Where’s a reviewer to start? Food writer and television presenter Peta Mathias confides that ‘This book started off as a missive about love with recipes, commissioned by my publisher Harriet Allan. She told me, “With everything going on at the moment, what the world needs now is love.” But then, as I researched love stories, I became less interested in recipes than in some of the outrageous tales that Harriet and I were finding’. These tales are represented manifold. This book brings together a potpourri of the greatest, most passionate, and often strangest love stories ever known.


Within its pages, I found Catullus, Ovid, the Māori legend of Uenuko and the mist girl, courtship rituals in which young couples were wrapped in blankets so they could get to know each other without things getting too steamy, rose petals that made quail taste so good it led to fornication on galloping horses, a Japanese woman with an unfortunate beginning who cut off her lover’s testicles, an unlikely love story between a swan and a goose – the list goes on and on. There’s the sexiness and sensuality of eating food with your hands – even better, feed your lover with your hands and/or let him/her eat off your body – the many, pleasurable uses of olives, the aphrodisical qualities of ripe strawberries and a famous chocolate and almond torte. Included are a smattering of recipes, even the New Zealand hokey pokey. Many of the stories are prefaced by poems and quotations. A friend glanced across while I was reading and exclaimed that she had to copy that quote down. (In case you are wondering, the quote was Man Ray’s ‘There is no progress in art, any more than there is progress in making love. There are simply different ways of doing it.’)

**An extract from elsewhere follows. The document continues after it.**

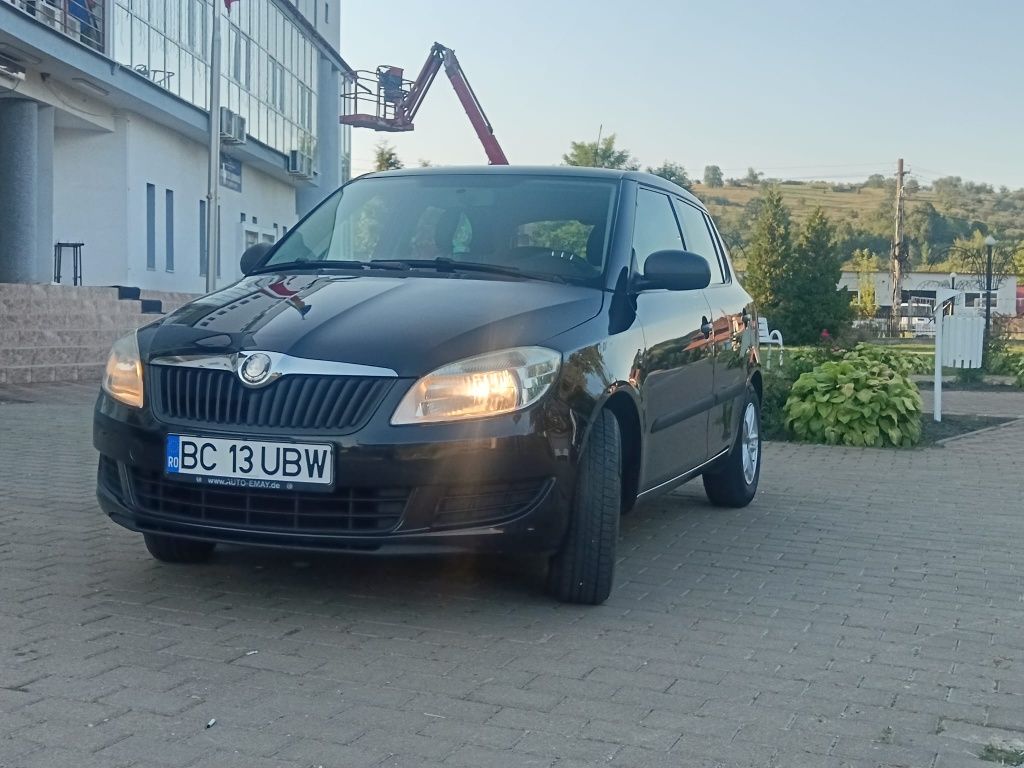 Vând Skoda Fabia 2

So is Eat Your Heart Out a book about food or a book about love? The truth is, sometime it’s one and sometimes it’s the other. All in all, it’s a little bit of both. Not all of the love stories revolve around food, but most do. This is first and foremost a book about romantic love and food, but a sense of community does enter the story – at weddings where bride, groom and family drink a whole lot of tea, and Mathias comments that the groom proves his love by the strength of his bladder. Even though Mathias has narrowed the book down to only the love that is romantic or sexual, she manages to incorporate a wide variety of topics. Somehow, whatever story or fun fact or recipe Peta Mathias brings to the table, she manages to tie it into the flow all thanks to her witty, lively narrative voice. The conversational style means that as a reader you respond to her opinions and sometimes downright disagree. I think a judicious editor should have pruned (or at least diplomatically redirected) the phrase ‘the belief that some foods are aphrodisiacs is irrational and arbitary, like religious dietary restrictions, sacred food, forbidden food, vegetarianism and allergies’. I further strongly disagree with Mathias that icing sugar is indispensible to making shortbread. I prefer the crunchy, salty, non-sweet Edmonds classic cookbook kind.


Eat Your Heart Out is a brilliant conversation starter. In eye-grabbing hardcover red-and-white gorgeousness, it’s a perfect gift and something to savour. It’s not something you can keep to yourself (if only because other people are invariably going to ask you what you’re giggling about). Like love, food, and basically all the best things in life, this is a book that’s meant to be shared.